The brown fields of northern Indiana morph into the brown buildings of south Chicago, as I listen to Ravi Zacharias read his book, Jesus Among Other Gods.  

He talks about the hunger of our hearts, and how various religions try to deal with these hungers, and then how Jesus deals with them.   Like the woman at the well, when transformed by Jesus Christ, our hearts become part of the solution for hunger rather than part of the problem.  No other religion dares to suggest that the answer to our hunger is a person.  Jesus didn't say he would show us the way.  He just said, "I am the way."
I arrive in Chicago at Orchestra Hall, my favorite haunt for hearing The Messiah by the Apollo Chorus.

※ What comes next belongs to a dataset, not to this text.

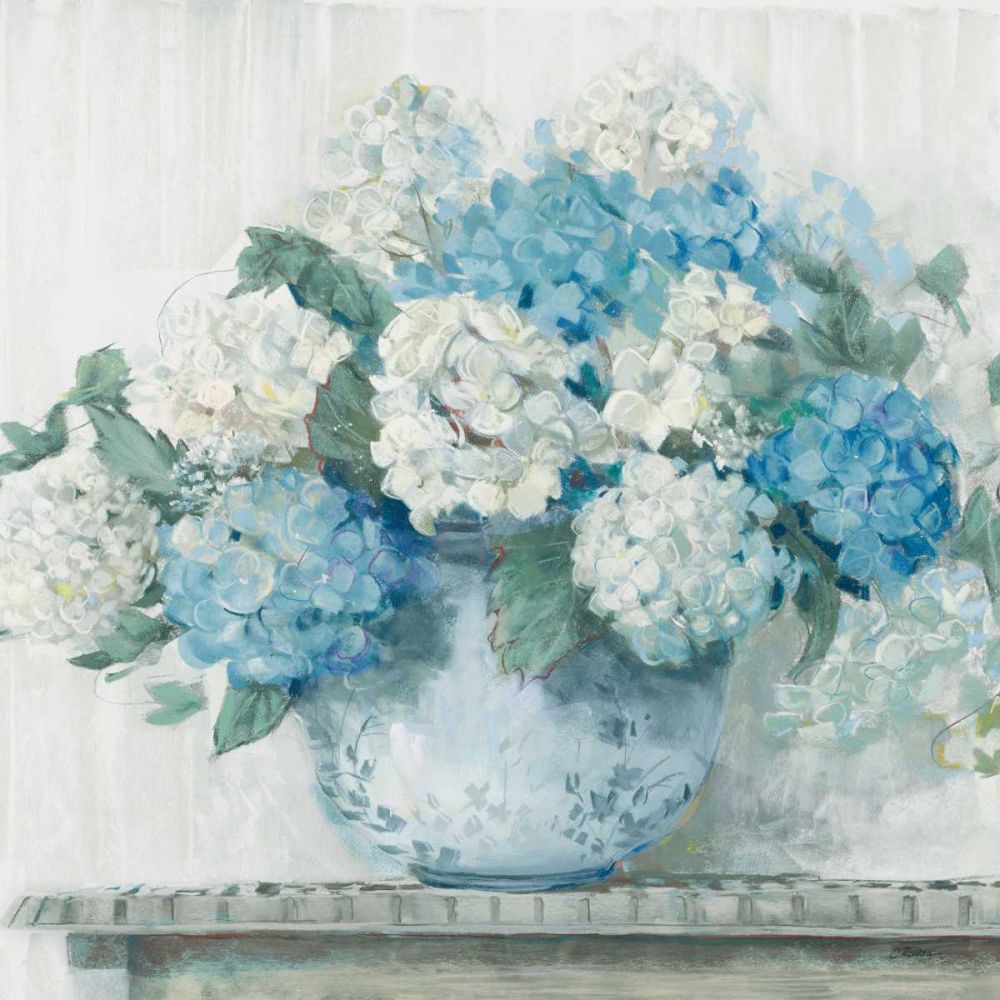 Blue Hydrangea Cottage Crop art print by Carol Rowan for $57.95 CAD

I hear the ancient words, "Behold, a virgin shall conceive..." and right there, as Ravi Zacharias pointed out in the train, the story of Jesus Christ steps out of the realm of the natural. 




On the way back, I begin to feel alone, and my mind re-hashes my weaknesses.  The train is hurtling back the way we came, flashing past Subway and Taco Bell and the United States Steel Yard and a florescent sign for Miller Lite and acres of pole lights.

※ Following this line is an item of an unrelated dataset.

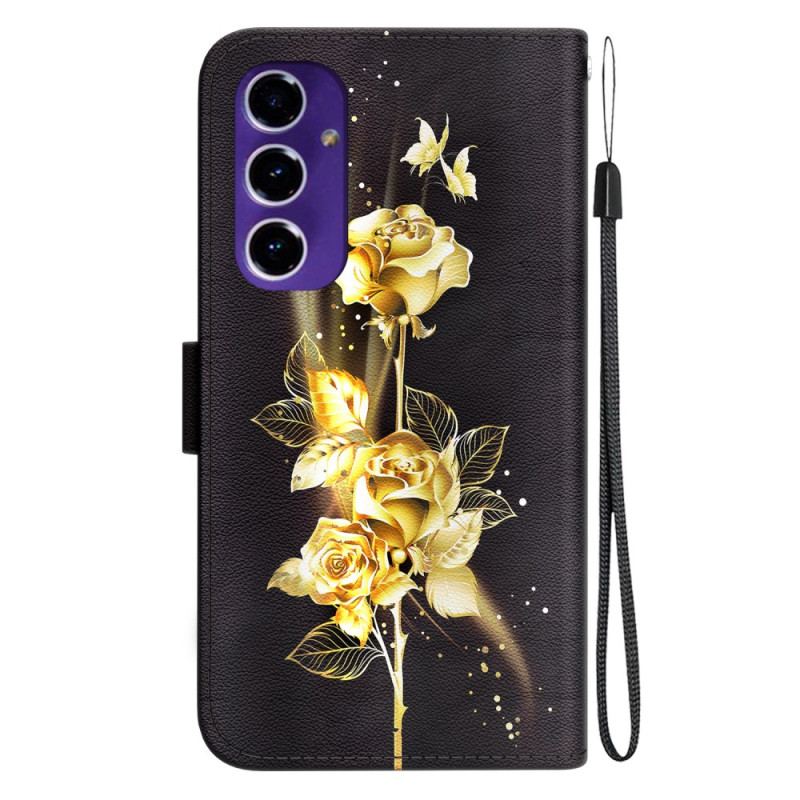 Etui Folio Do Samsung Galaxy A16 5g Złoty I Różowy Motyl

"Watch your step, next stop East Chicago," the abrasive voice blares through the train.

I'm listening to the song, "If you say go, we will go; if you say wait, we will wait", when God says to me, "You would go."  It's not a question or a command.  I begin to cry, right across the aisle from the young guy twisting a plastic Coke bottle, but I don't care who sees me, because I suddenly know that God is with me.  God, who knows my weaknesses, my failures, my lack of discipline, my desire to be a people pleaser, by tendency to let people control me, still says, "I know you're trying. Stop beating dead horses.  Get up and try again tomorrow." 

So I'm wiping my eyes.  I feel God all around me, and I realize that of all the people on the train, I am the least alone of anyone.  No matter who you went to Chicago with, there's always something you don't know about them, and something they don't understand about you.

But God knows me perfectly, knows the mess I make of things daily, and still he has just quieted my heart with one touch of his hand on my shoulder:  "Shhhhh.  Be quiet.  Just keep going and stop agonizing."    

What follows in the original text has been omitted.